Graphs are a versatile data structure used to represent relationships between objects. They consist of vertices (nodes) and edges (connections between nodes). There are several ways to represent graphs, each with its advantages and use cases.
Adjacency Matrix: A 2D array where each cell (i, j) indicates the presence (and possibly the weight) of an edge between vertices i and j.
Adjacency List: An array or map where each index or key represents a vertex, and the corresponding value is a list of adjacent vertices (or edges with weights).

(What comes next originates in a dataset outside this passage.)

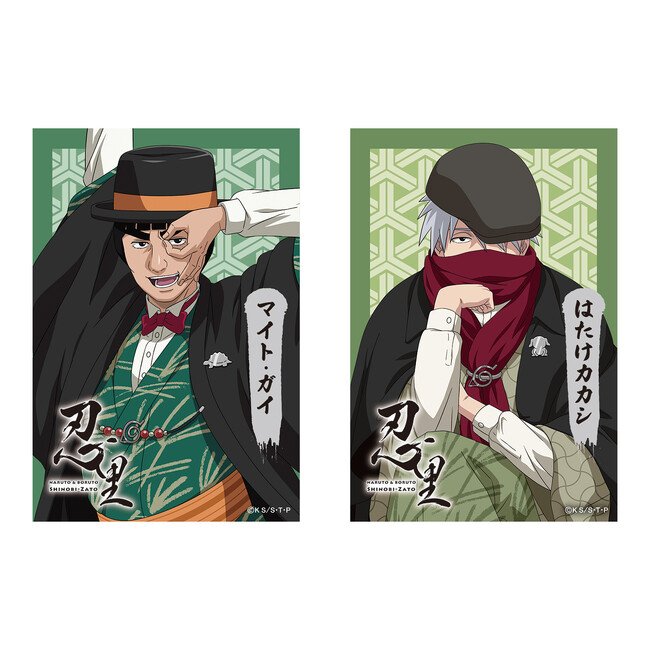 「NARUTO＆BORUTO 忍里」特別任務 最新作最新第 26 弾「イチャイチャタクティクス捜索」編限定コラボグッズ情報が解禁！12 月 20 日（土）より販売開始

Edge List: A list of all edges, where each edge is represented by a tuple (or struct) containing the two vertices it connects (and possibly the weight).
Let's look at how to implement these representations and fundamental graph algorithms in Go.
gopackage main
import (
"fmt"
)
// Graph using adjacency matrix
type Graph struct {
matrix [][]int
}
func NewGraph(size int) *Graph {
matrix := make([][]int, size)
for i := range matrix {
matrix[i] = make([]int, size)
}
return &Graph{matrix: matrix}
}
func (g *Graph) AddEdge(v1, v2, weight int) {
g.matrix[v1][v2] = weight
g.matrix[v2][v1] = weight // For undirected graph
}
func (g *Graph) Print() {
for _, row := range g.matrix {
fmt.Println(row)
}
}
func main() {
graph := NewGraph(5)
graph.AddEdge(0, 1, 1)
graph.AddEdge(0, 4, 1)
graph.AddEdge(1, 2, 1)
graph.AddEdge(1, 3, 1)
graph.AddEdge(1, 4, 1)
graph.AddEdge(2, 3, 1)
graph.AddEdge(3, 4, 1)
graph.Print()
}
gopackage main
import (
"fmt"
)
// Graph using adjacency list
type Graph struct {
adjList map[int][]int
}
func NewGraph() *Graph {
return &Graph{adjList: make(map[int][]int)}
}
func (g *Graph) AddEdge(v1, v2 int) {
g.adjList[v1] = append(g.adjList[v1], v2)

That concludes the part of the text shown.